VSTS workshop 2nd Ed

Exactly three months ago, Ana and I did the last VSTS two-day workshop. It was high time to repeat it. In the meantime, many important things happened - TFS released, a new Team Edition for DB Pros announced…
Therefore, we did it again– yesterday and today, with 18 people attending the sessions we even did a half an hour session on Team Edition for DB Developers using currently available information.

Designer and the source control
In the evaluation sheets at the end of the workshop, someone left an interesting question, asking whether there designer tools exist that integrate with the source control of the TFS. Had the person asked the question during the session, I would have answered that my understanding is that Expression Interactive Designer will support checking the files in and out, but apart from one sentence in one .ppt from the last year’s PDC I wouldn’t have much evidence to corroborate the statement.
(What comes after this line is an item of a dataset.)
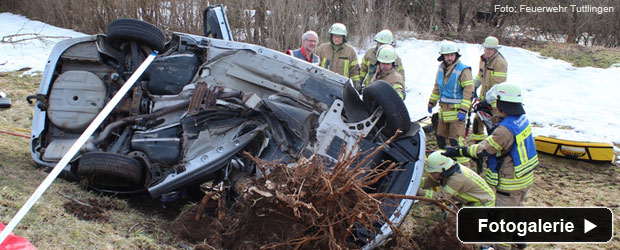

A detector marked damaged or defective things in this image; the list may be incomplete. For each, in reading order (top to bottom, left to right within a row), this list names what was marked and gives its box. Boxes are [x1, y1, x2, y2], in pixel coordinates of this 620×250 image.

overturned car [30, 4, 426, 247]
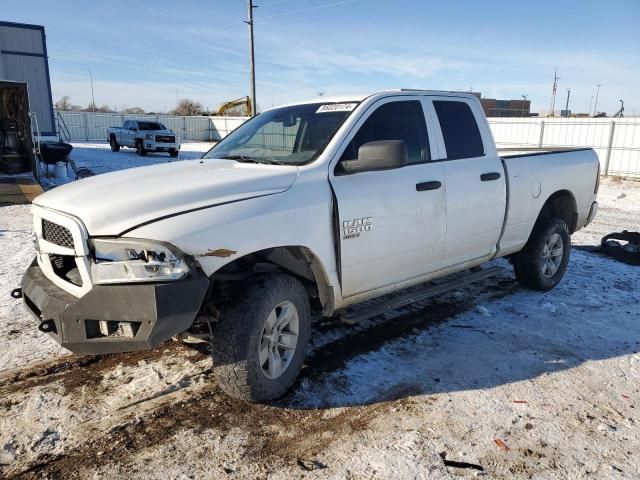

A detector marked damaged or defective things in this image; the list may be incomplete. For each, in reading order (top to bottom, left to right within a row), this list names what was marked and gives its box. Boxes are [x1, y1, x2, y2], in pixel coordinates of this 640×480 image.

damaged front bumper [20, 258, 209, 356]
broken headlight assembly [89, 238, 190, 284]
Do you have any?

Questions
What are the topics people were most interested in and wanted more coverage of:
  • custom check in policies (samples),

  • extensibility in general,

  • in depth source control usage strategies discussions (how to organize and how to work with the code),

  • custom events in general (we demoed a custom WorkItemChanged event handler, which was nice but obviously not enough :-);),

  • one custom event handler people particularly asked for, was a notification that would be send to interested parties as soon as a change in a specific code branch is checked in, so that they know that the change exists and possibly needs to be merged (see the share/merge story below).  
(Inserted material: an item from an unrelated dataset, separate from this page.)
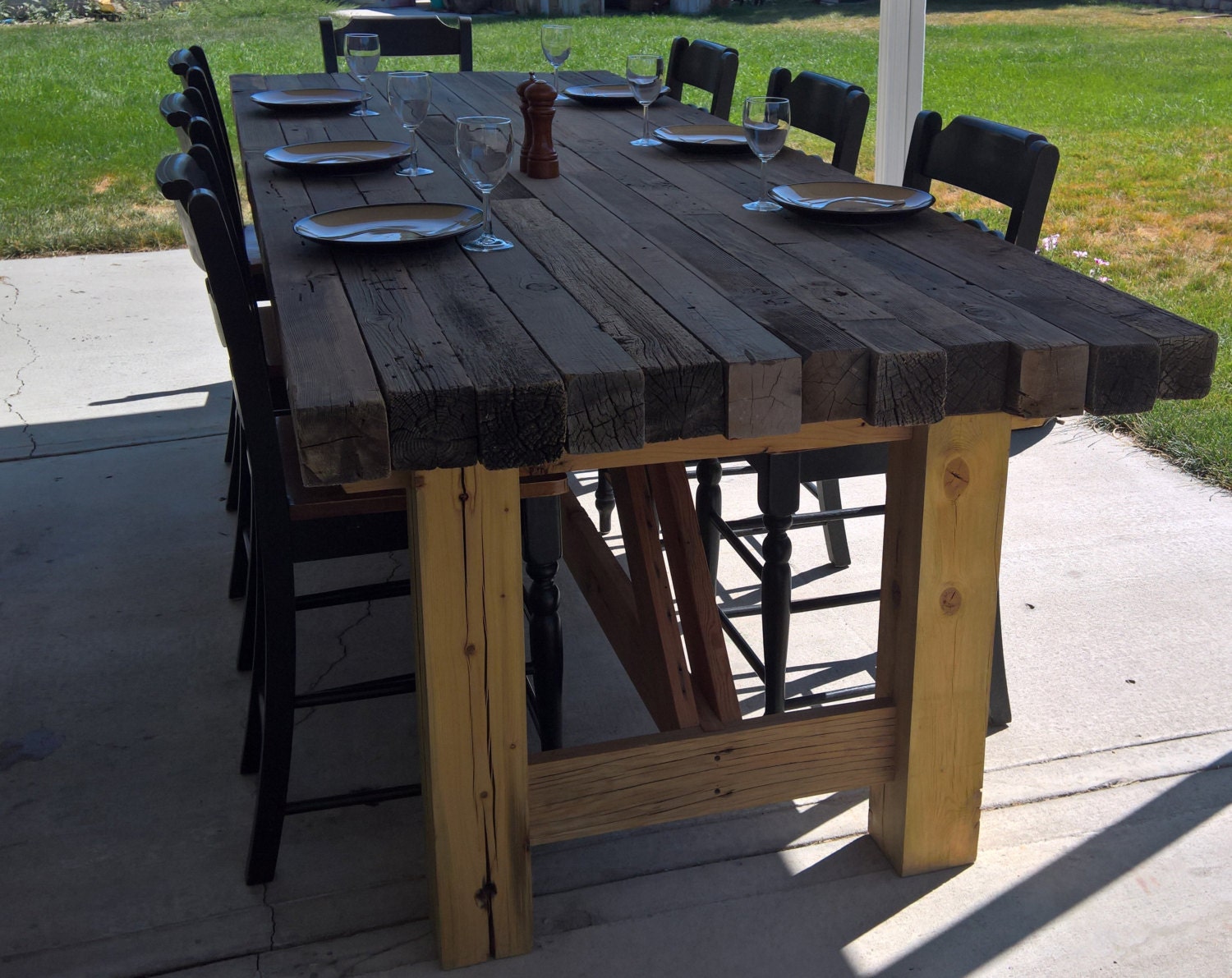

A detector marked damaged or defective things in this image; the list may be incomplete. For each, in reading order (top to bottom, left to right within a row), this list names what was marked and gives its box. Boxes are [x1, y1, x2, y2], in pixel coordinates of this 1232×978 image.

crack in concrete [0, 272, 37, 456]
Lack of sharing functionality in Hatteras
As soon as we stated that there is a Source Safe functionality that is not supported in VSTS’s SCM, namely sharing, a member of the audience screamed – “But we need sharing! We can’t live without it!”
The arguments we gave, for VSTS not supporting Source Safe type sharing, were along the lines of this argumentation: in order to protect the consistency of the code it is much better to merge explicitly the changes from the common code on your own terms, than to get them automaticaly as soon as they are checked in. Surprisingly, this argumentation sufficed. :-)

WIT customization
As usual, we did a full demo of WIT customization, customizing the WIT’s xml definition directly. Only after doing everything by hand did we present the Process Template Editor by Joel Semeniuk. People certainly appreciated the ease of use of all UI way of editing the WITs using the editor. This editor is also a very useful learning tool for those that are just starting to play with WIT customization.

These two days were fun. The audience was very attentive and it was joy to present.